Secundaire preventie omvat vroege opsporing van borstkanker in de context van zelfonderzoek van de borst en medische screening, evenals verdere verbetering van therapeutische opties. Het doel is om borstcarcinomen of precancereuze laesies zo vroeg mogelijk op te sporen, waardoor het aantal gevorderde stadia wordt verminderd en de sterfte aan borstkanker (borstkankersterfte) wordt verlaagd.

  • Vanaf de leeftijd van 20 jaar wordt regelmatig maandelijks zelfonderzoek van de borst aanbevolen als onderdeel van de vroege opsporing van borstkanker.
  • Vanaf de leeftijd van 30 jaar heeft elke vrouw in Duitsland recht op een jaarlijkse screening op borstkanker.

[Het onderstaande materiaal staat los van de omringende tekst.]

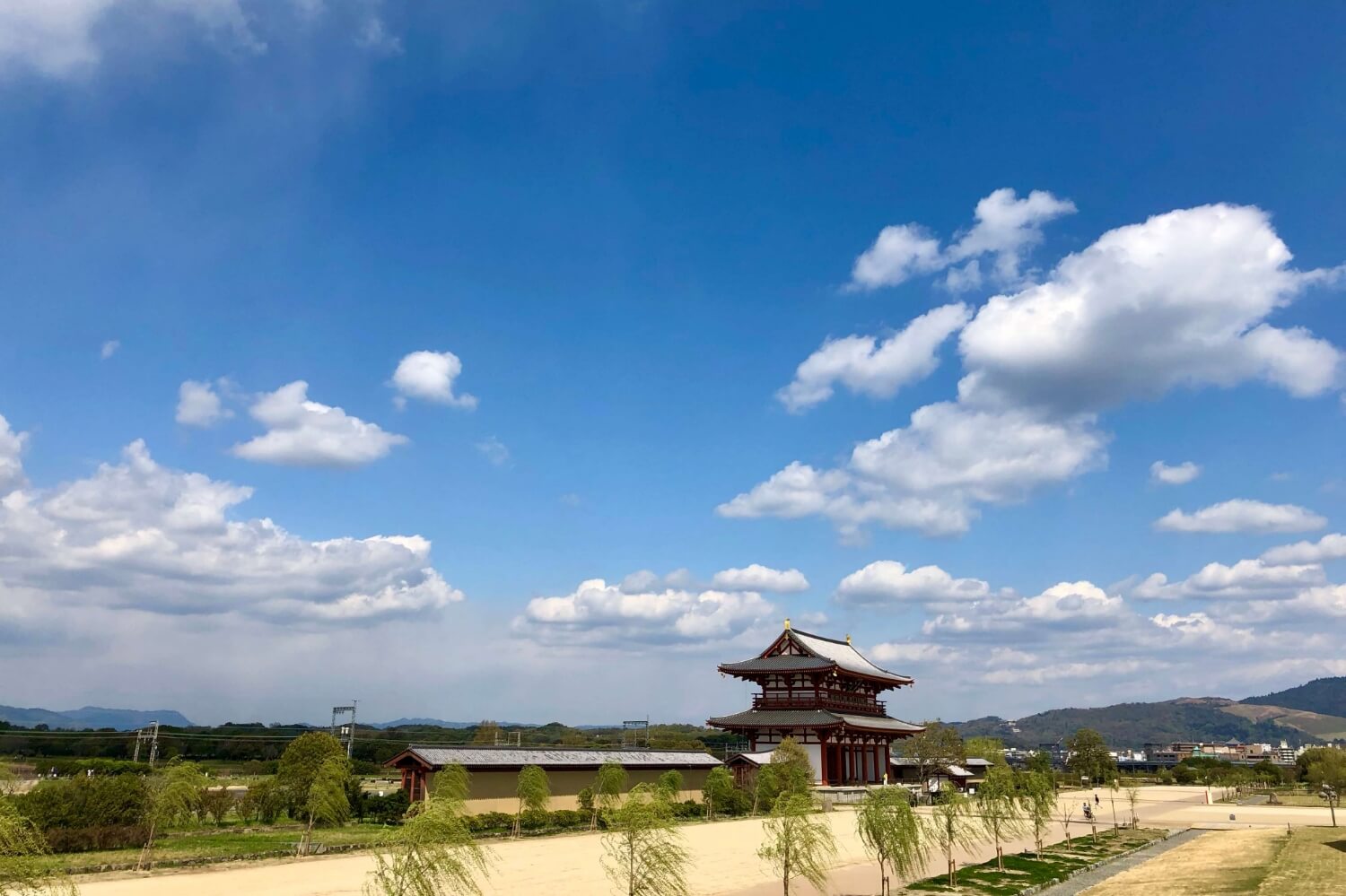 平城宮跡遠景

Het omvat onderzoek van de borst en weefselvocht knoopgebieden (inspectie / bekijken en palpatie / palping), inclusief instructies voor zelfonderzoek.
  • Van 50-70 jaar wordt de screening om de twee jaar aangevuld met een mammogram (mammografie screening).

Tertiaire preventie

Tertiaire preventie van borstkanker gaat over het voorkomen van de progressie van borstkanker of het optreden van herhaling. De volgende maatregelen dragen bij aan dit doel:

  • Dieet
    • Inname van meervoudig onverzadigd vetzuren (PUFA; hier; vis en omega-3 vetzuur met lange keten); vermindering van de mortaliteit door alle oorzaken (totale mortaliteit) met 16 tot 34%.
    • Vrouwen op een vetarm dieet hadden een betere prognose in termen van totale overleving dan vrouwen in de controlegroep die een vetrijk dieet aten: de 10-jaars totale overleving was significant hoger in de interventiegroep dan in de controlegroep (82%). versus 78%).
    • Intermitterende vasten (intervalvasten): voedselonthouding (= verschil tussen 24 uur en de fase van de eerste tot de laatste maaltijd) '[36]: in één onderzoek was de kans op herhaling met 36 procent verhoogd bij een duur van de onthouding van voedsel van minder dan 13 uur slaap vergeleken met een langere duur (hazard ratio: 1.36; 95% betrouwbaarheidsinterval tussen 1.05 en 1.76; p = 0.02). Opmerking: in het onderzoek bevond 80 procent van de vrouwen met een gemiddelde leeftijd van 52 jaar zich in de vroege stadia (I en II) van borstkanker.
    • Tekort aan micronutriënten (vitale stoffen) - zie therapie met micronutriënten.
  • Uithoudingsvermogen sporten (zie hieronder borstkanker / sportgeneeskunde).
  • In een gerandomiseerde studie bij postmenopauzale vrouwen met receptorpositief mammacarcinoom, verlengde hormoontherapie met de aromatoseremmer letrozol van 5 tot 10 jaar verlengde ziektevrije overleving (maar niet de totale overleving). Het voordeel was het gevolg van preventie van contralateraal mammacarcinoom, dwz preventie van nieuwe ziekte in plaats van preventie van herhaling.